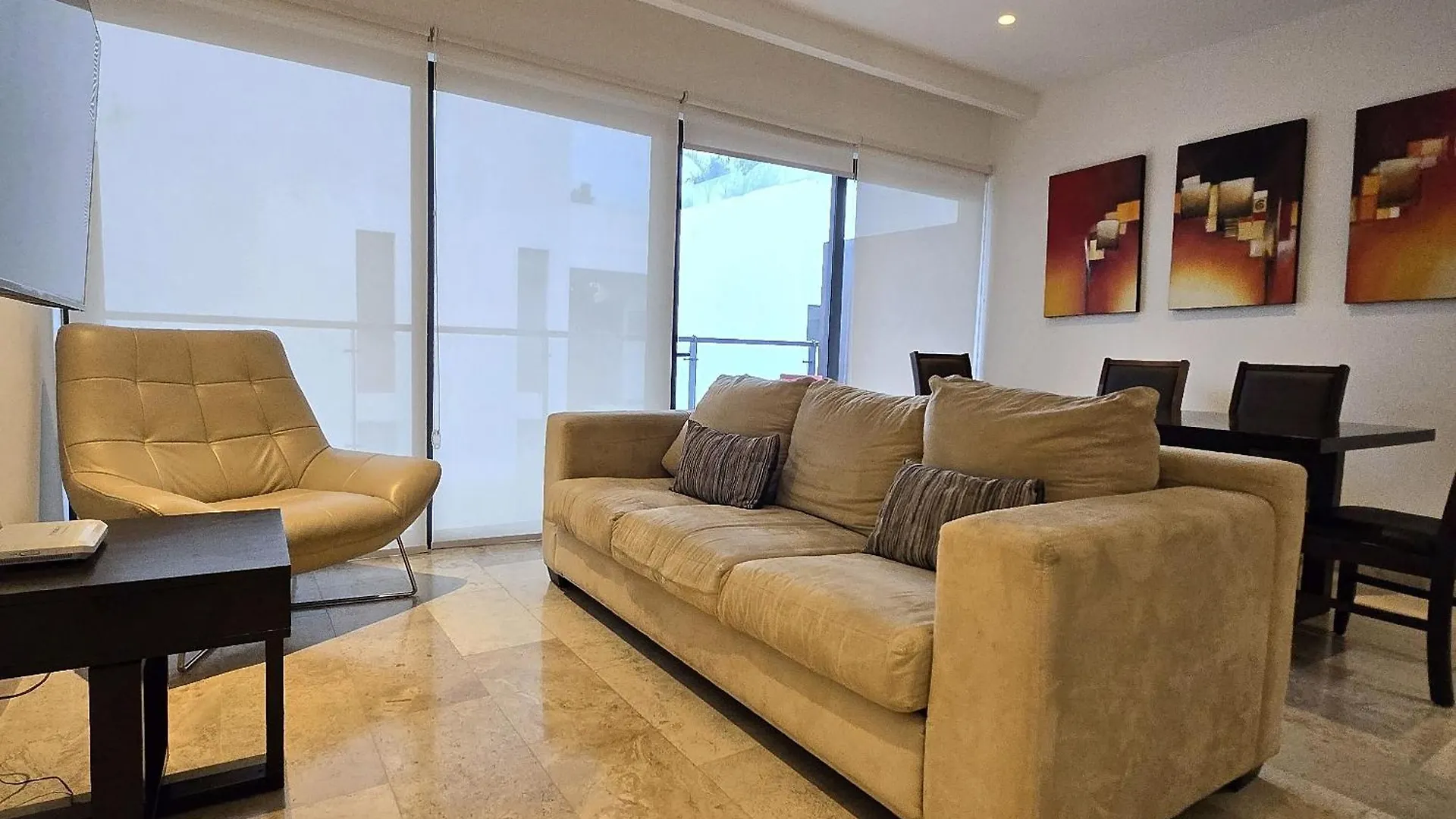 Ipana Siempre Playa Dowtown Apartment Playa del Carmen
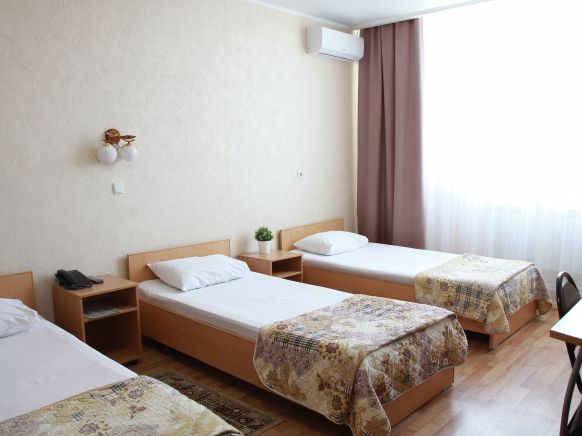 Фотография номера гостиницы Лада-Восход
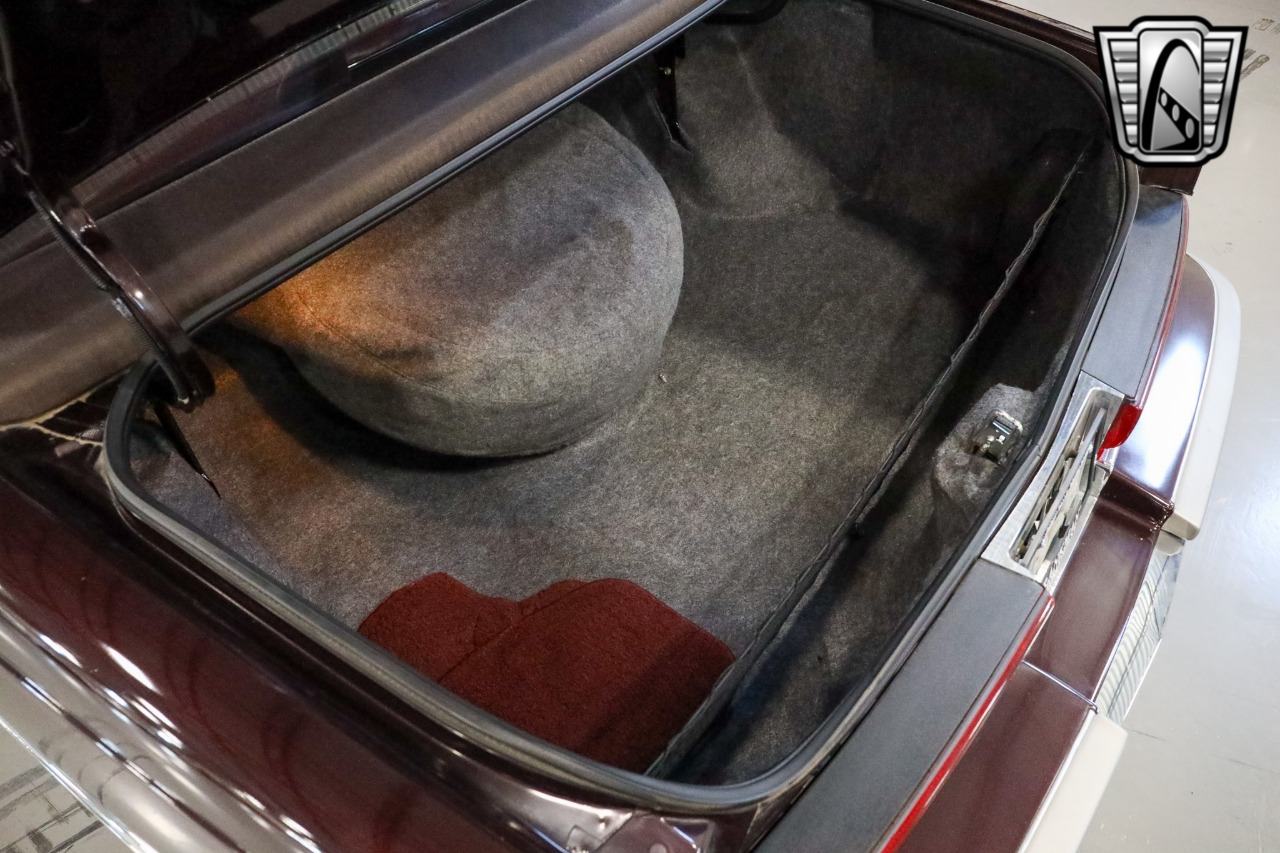 1996 Buick Roadmaster 89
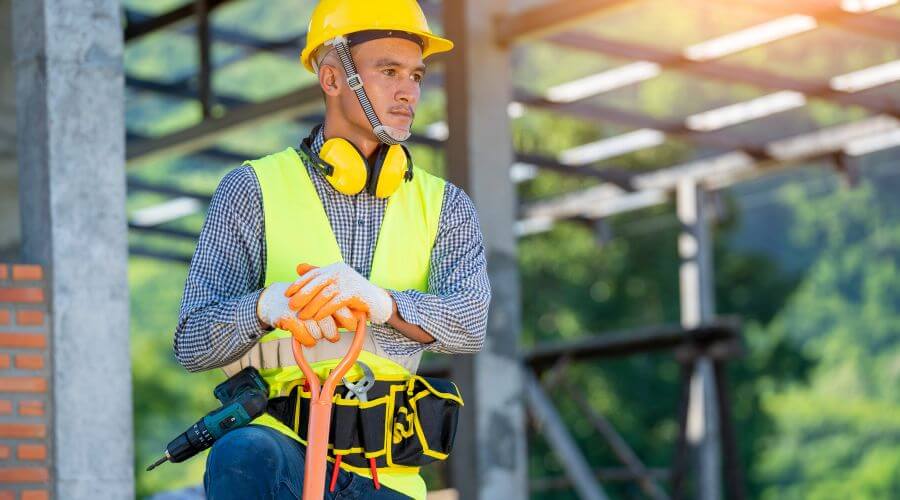 Expert top industrial roofings services in New Holland, OH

§ **Activity**: Output the listing word for word. Drop the pictures.

§ **Task solution**:
 Ipana Siempre Playa Dowtown Apartment Playa del Carmen
 Фотография номера гостиницы Лада-Восход
 1996 Buick Roadmaster 89
 Expert top industrial roofings services in New Holland, OH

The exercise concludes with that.